# Is this the end of self admin schemes?



## Wits (26 Jun 2006)

This link posted on pensions thread. [broken link removed]. Is this the end of these schemes, the costs look extremely high. Any views


----------



## Wits (2 Jul 2006)

It doesn't seem like too many people on Askaboutmoney are interested in Do-it-yourself pension products but there now seems to be a public debate underway as feathers are russled by last weeks article above in the Sunday Business Post. This week the Self Administered segment responds. Who is right. Any views.  [broken link removed].


----------



## MOB (3 Jul 2006)

I had a quick read of the Eddie Hobbes article.  It is rather weak in some aspects.  In particular, it states that:


..."And that’s just for administering and wrapping assets. Management costs go on top. How much asset management costs will depend on the approach taken. Properties, depending where you buy, can face stamp duties, rent management fees, property maintenance costs, community charges and even taxes"

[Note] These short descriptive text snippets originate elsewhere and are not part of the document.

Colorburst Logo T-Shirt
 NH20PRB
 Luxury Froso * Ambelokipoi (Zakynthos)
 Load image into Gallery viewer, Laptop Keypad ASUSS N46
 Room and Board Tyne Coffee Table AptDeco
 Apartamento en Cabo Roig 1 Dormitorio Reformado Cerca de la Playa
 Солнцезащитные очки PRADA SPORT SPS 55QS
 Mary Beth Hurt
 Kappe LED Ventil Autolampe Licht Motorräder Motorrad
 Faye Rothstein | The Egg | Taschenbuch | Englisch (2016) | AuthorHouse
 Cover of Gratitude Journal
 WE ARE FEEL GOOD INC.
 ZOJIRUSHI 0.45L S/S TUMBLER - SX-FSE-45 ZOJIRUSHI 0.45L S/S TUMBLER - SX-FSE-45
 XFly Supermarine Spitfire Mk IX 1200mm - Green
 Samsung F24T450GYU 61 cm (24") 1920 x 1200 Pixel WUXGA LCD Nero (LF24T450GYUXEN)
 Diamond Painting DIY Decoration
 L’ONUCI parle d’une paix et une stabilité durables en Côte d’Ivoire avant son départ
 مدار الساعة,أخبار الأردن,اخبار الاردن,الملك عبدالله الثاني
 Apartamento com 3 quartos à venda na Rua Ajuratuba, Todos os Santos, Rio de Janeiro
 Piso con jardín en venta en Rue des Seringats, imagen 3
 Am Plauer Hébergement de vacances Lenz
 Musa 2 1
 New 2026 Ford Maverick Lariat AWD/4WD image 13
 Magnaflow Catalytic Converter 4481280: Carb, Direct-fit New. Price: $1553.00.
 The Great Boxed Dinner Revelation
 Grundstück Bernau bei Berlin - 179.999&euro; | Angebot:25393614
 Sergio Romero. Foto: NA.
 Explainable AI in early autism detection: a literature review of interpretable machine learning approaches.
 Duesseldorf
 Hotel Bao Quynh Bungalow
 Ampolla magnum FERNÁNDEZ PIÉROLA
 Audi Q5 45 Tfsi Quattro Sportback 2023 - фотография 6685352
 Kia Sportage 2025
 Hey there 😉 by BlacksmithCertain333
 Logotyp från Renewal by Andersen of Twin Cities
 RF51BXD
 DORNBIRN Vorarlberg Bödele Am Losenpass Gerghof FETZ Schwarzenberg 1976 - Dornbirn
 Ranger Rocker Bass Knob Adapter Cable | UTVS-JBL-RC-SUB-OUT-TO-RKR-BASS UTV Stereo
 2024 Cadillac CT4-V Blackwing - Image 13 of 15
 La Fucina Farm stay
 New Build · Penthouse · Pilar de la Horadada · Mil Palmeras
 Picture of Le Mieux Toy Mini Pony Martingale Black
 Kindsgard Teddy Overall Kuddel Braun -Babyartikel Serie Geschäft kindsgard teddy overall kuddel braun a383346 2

I had always understood that virtually all managed funds have "Management Costs" on top of fund charges.  No big difference there.  

I assume that if a fund manager buys property he\she must also incur management fees, property maintenance costs etc.   No big difference there either.

I am not a convert to self admin pensions myself (yet) but I am fairly sure of the need for them.


----------



## Wits (3 Jul 2006)

The strange thing is that both articles are in agreement on the detail. It would appear that much DIY investment fails because the money stays in cash which seems to contradict popular belief that DIY is better than Sales-driven advice. Hobbs has a go at "over-priced" SARTS and predicts their demise. Goodbody's defend SARTs per se but also seem to agree that there is profiteering going on. The interesting thing is that Mr Overy of Financial Engineering Network is silent. The methodology used by him was roundly condemned by Hobbs and not supported by Goodbody's. Maybe I am reading too much into this spat but does it appear that there has been inappropriate selling going on in this market?


----------



## ubiquitous (3 Jul 2006)

Wits said:
			
		

> The interesting thing is that Mr Overy of Financial Engineering Network is silent.



I understand that Paul Overy suffered a close personal bereavement last week.


----------



## Wits (3 Jul 2006)

Very sorry to hear that, maybe we can proceed to discuss without reference to Mr Overy's analysis to be fair to him.


----------